Solo en Jesucristo se nos transmite definitivamente el misterio de Dios y el misterio del ser humano. En Jesucristo, Dios nos revela su misterio como un misterio de amor insondable.
La cultura contemporánea presenta una serie de retos a la fe cristiana, entre los que destacan:
El término increencia implica que el ambiente en que nos movemos está determinado por la falta de religiosidad, es decir, por la carencia de una experiencia de misterio.
Hoy en día, la increencia parece constituir la norma, de la que los escasos creyentes son una excepción. El ser humano emerge a la existencia con una actitud de increencia y ya no busca el sentido de la vida desde lo trascendente.
La cultura que se difunde en la sociedad está dominada por la increencia. Se observa una desvinculación de la religión, a menudo acompañada de una crítica a sus instituciones. Se valora negativamente su capacidad para dar respuesta a las verdaderas necesidades, incluso espirituales, del ser humano contemporáneo.

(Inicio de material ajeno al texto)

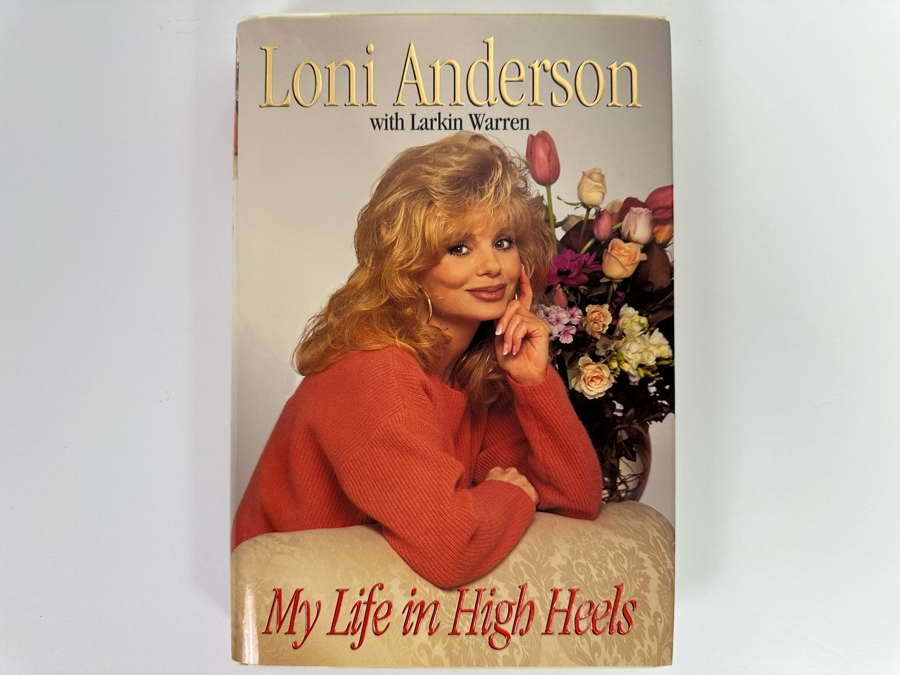 Signed Hardcover Book My Life in High Heels Signed By Loni Anderson On Two Separate Pages [Photo 4]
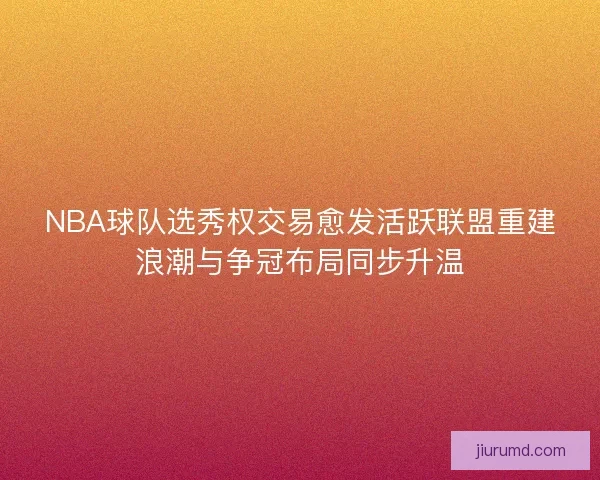 NBA球队选秀权交易愈发活跃联盟重建浪潮与争冠布局同步升温 NBA球队选秀权交易愈发活跃联盟重建浪潮与争冠布局同步升温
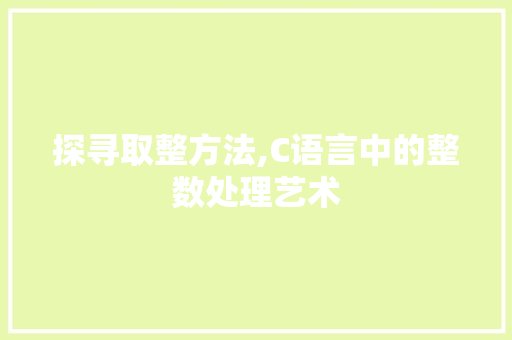 探寻取整方法,C语言中的整数处理艺术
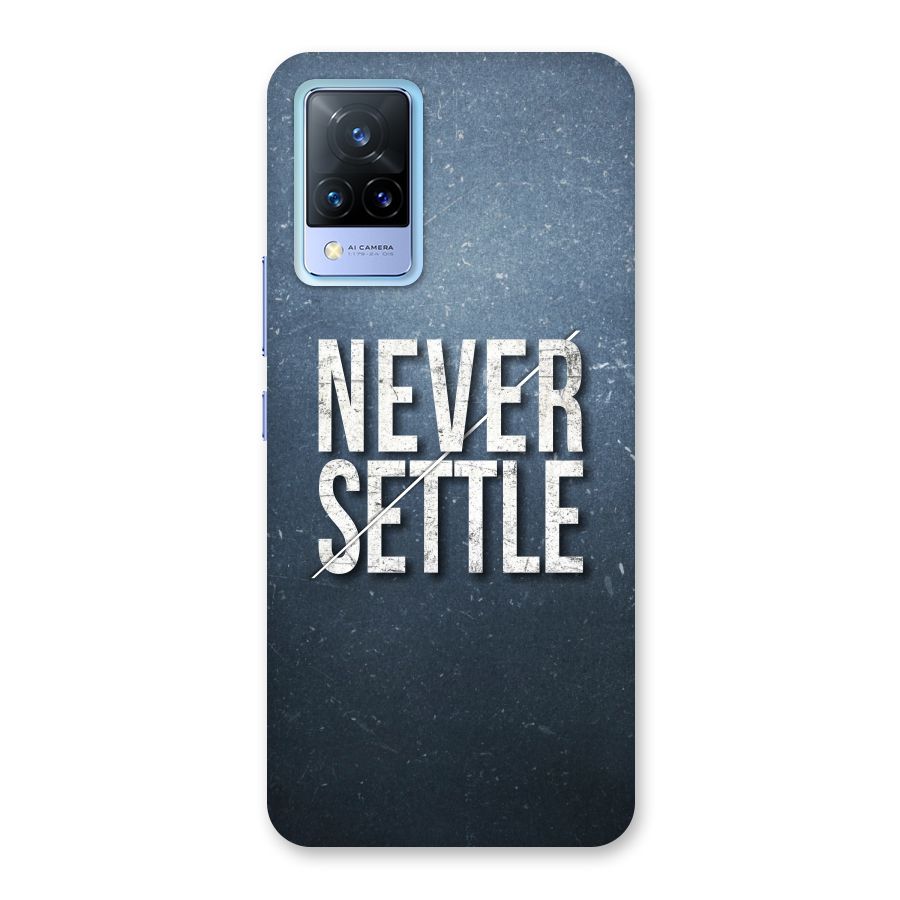 Never Settle Back Case for Vivo V21 5G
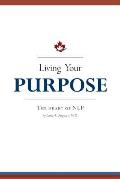 Living Your Purpose: The Heart of NLP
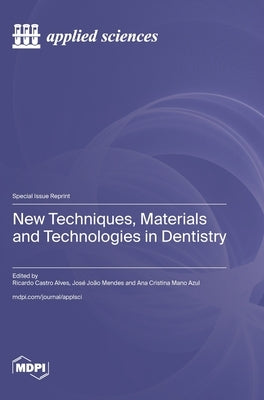 New Techniques, Materials and Technologies in Dentistry by Alves, Ricardo Castro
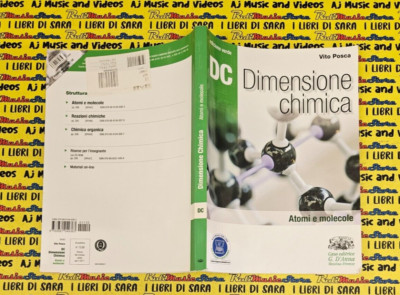 Book Libro DIMENSIONE CHIMICA atomi e molecole POSCA 2011 ed. verde D'ANNA (SG19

La religión es considerada como un residuo de un miedo infantil, de la ignorancia o de una culpabilidad mal asimilada, o como un falso consuelo ante las injusticias sociales.
La religión ha dejado de ser la base de asentamiento de la sociedad. No es más que una estructura subjetiva de comprensión del mundo desarrollada por ciertos grupos de personas. Ya no constituye el trasfondo cultural del tiempo histórico de un pueblo.
La ruptura entre cultura y Evangelio oscurece el sentido de Dios y el sentido del ser humano. Esto conlleva un reto importantísimo para la fe cristiana: nada menos que ayudar al ser humano a encontrar a Dios en una cultura donde Él ha quedado relegado, como escondido en medio de una mentalidad científico-técnica con otras prioridades, donde Dios, su misterio y la religión parecen innecesarios, sin significación ni relevancia.
Una cultura dominada por la increencia y promovida a través de múltiples expresiones, plantea a la fe el desafío de expresar su Mensaje, de no dejar de dialogar con esta cultura, incluso desde la expresión artística y literaria, utilizando provechosamente los medios de comunicación masivos.
El desafío es también no dejar de mostrar de manera comprensible, y especialmente desde el testimonio, cómo la religión sí tiene la capacidad de dar respuestas verdaderas al ser humano en su búsqueda de la plenitud.
El creyente, impulsado por el amor de Cristo, debe ayudar al ser humano a encontrarse con su propio ser, con su realidad más profunda, llevándole la luz del Dios vivo, con creatividad y desde el Evangelio.
Esta misma cultura provoca tendencias que también constituyen verdaderos desafíos para la fe. Tal es el caso de buscar canalizar y encauzar la nueva sensibilidad por los derechos humanos y la libertad de las personas, hoy cargada de ambigüedades (como se traduce, por ejemplo, en enarbolar la tolerancia y la caída de toda discriminación, a la par que se es sumamente intolerante con la religión católica y las enseñanzas que más «incomodan» a esta cultura).
Que el ser humano tenga un nuevo anhelo de vivir con valores que den sentido a su vida (aunque no sepa que se trata de valores religiosos) es también un desafío para la fe, pues esta puede aportar respuestas válidas en medio de tantas que no sacian la sed de infinito del ser humano. El anhelo de trascendencia que la persona sigue teniendo en su interior, y el retorno a lo sagrado que esto conlleva, plantean como reto la necesidad de atraer a los seres humanos hacia una «religión con Dios», vivida en el seno de la Iglesia de Jesús. Una religión a la cual se pertenezca plenamente.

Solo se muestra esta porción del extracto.